Return only the lines below starting at the line containing "قاعدة لوحية خشبية" and ending at the line containing "Casa à venda", both included, exactly as they are and with no pictures.
━━━━━ Excerpted data ━━━━━
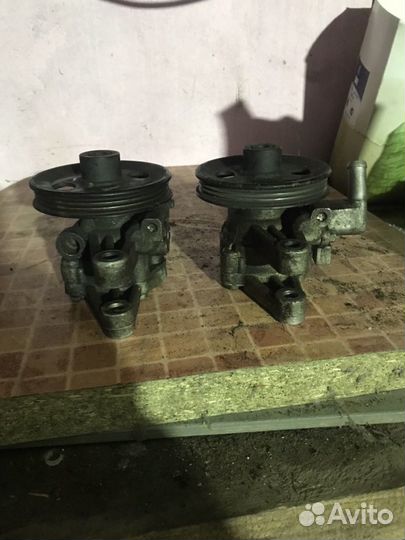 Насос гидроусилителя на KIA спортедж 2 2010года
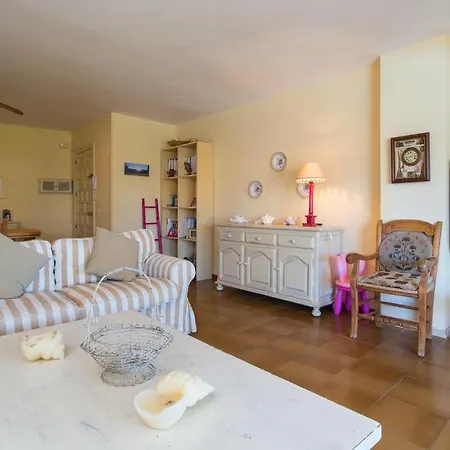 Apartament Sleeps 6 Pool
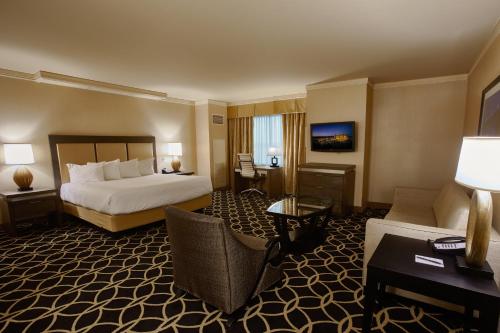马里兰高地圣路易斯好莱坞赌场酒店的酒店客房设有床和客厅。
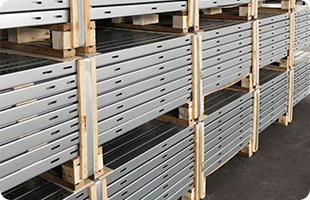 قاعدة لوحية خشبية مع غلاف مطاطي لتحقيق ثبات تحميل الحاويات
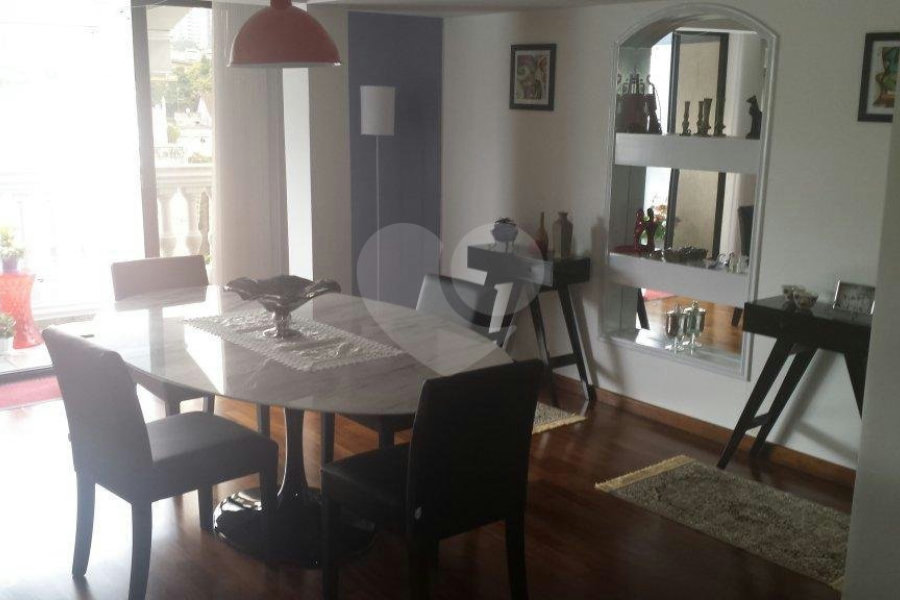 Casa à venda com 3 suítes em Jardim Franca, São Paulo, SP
━━━━━
━━━━━ Excerpted data ━━━━━
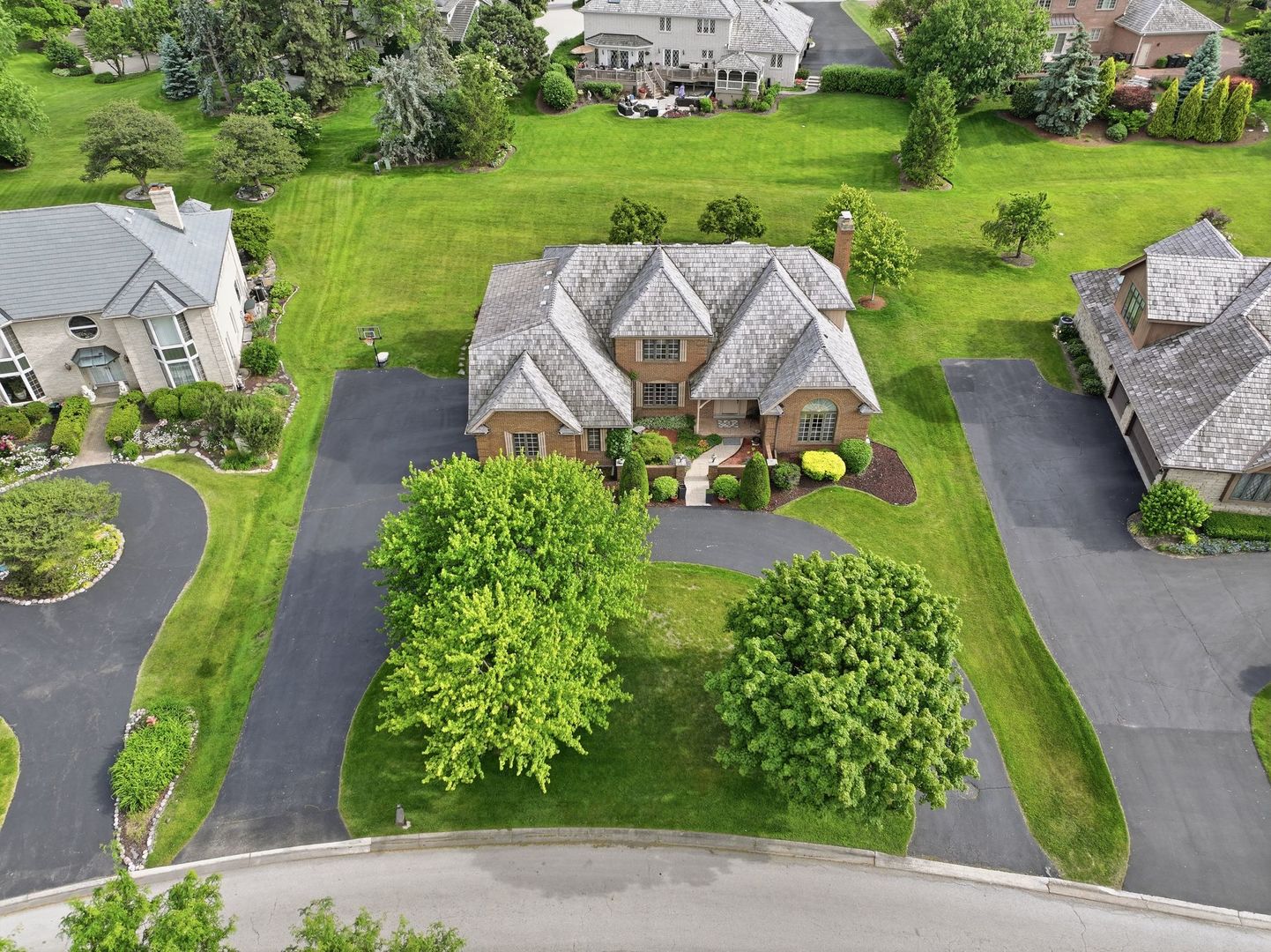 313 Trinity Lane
━━━━━
Final answer:
 قاعدة لوحية خشبية مع غلاف مطاطي لتحقيق ثبات تحميل الحاويات
 Casa à venda com 3 suítes em Jardim Franca, São Paulo, SP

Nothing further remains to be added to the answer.